Not that the pop maestro, who still commands film sets wearing a single sequined glove, is without his passionate detractors. NBA chairman and frequent op-ed columnist Spike Lee has derided MJ’s films as “okeydoke, sunshiney negro fairy tales where everybody plays pattycake in the cotton fields.” Jackson responded, “I don’t even know what he’s talking about. My films confront and transcend race and class, where I suspect he’d prefer I either wallowed in it or ignored it.” When, after the foiled terror plot for September 11, he led a contingent of filmmakers protesting the attempt of some Pentagon officials to funnel patriotic propaganda into studio films, Jackson drew controversy with the statement, “It would be more to their [the defense industry's] benefit than ours to generate a bunch of pro-war films that traffic in fear and xenophobia. For this and other reasons, I’m not entirely sure some elements within our government didn’t have a hand in the [9/11] plot.”

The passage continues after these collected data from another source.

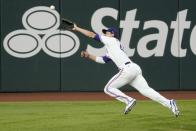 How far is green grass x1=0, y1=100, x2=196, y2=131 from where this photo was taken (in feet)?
34.0

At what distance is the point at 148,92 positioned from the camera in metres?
11.9

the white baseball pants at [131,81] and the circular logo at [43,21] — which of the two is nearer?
the white baseball pants at [131,81]

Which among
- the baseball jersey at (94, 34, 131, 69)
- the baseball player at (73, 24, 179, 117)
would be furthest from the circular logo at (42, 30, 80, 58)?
the baseball jersey at (94, 34, 131, 69)

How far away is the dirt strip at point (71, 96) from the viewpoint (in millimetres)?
17344

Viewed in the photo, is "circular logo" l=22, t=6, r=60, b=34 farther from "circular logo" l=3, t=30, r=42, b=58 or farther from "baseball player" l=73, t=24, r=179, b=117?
"baseball player" l=73, t=24, r=179, b=117

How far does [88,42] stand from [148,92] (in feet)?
25.7

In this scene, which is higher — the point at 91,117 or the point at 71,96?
the point at 91,117

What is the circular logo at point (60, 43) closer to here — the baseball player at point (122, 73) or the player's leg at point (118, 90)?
the baseball player at point (122, 73)

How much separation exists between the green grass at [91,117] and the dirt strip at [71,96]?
5.73ft

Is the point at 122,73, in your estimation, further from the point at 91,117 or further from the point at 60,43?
the point at 60,43

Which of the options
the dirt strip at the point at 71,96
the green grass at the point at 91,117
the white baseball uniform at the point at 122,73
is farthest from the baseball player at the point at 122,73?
the dirt strip at the point at 71,96

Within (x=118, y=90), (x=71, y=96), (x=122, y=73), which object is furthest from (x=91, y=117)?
(x=71, y=96)

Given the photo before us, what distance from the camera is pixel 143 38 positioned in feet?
64.2

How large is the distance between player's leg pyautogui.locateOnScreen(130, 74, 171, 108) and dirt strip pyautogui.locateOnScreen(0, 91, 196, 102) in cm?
511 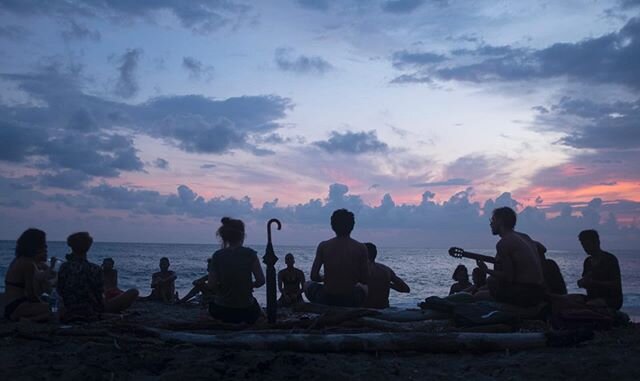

“I guess his infantile worldview speaks for itself,” said actor Gary Sinise in response to this diatribe. “Our boys fighting overseas won’t be pleased to hear such comments coming from the King of Pop, over there playing in his Dubai sandbox with our enemies.” “Fighting where?” Jackson shot back. “This is 2004. We’re not at war.”

But MJ generally takes criticism in stride as much as he takes it personally. His serenity, he says, springs from his reasons for becoming a filmmaker in the first place: “Yes, I sit at the head of a big, powerful media corporation, but I try to bring something other than the standard corporate ethic, you know? I’m sorta like Willie Wonka, the version that Gene Wilder played. Corporate values drove me to success, but if you begin to live by them, you lose something of yourself and begin, even, to hate yourself. And I did, I did hate myself. As a kid, I tried to re-sculpt my face into something the world would accept and love. When I realized that it wasn’t my face or my soul that was the problem, I stopped carving away at them and began carving away at pieces of film– at this world that is so ugly and mean but hides so much beauty and possibility.”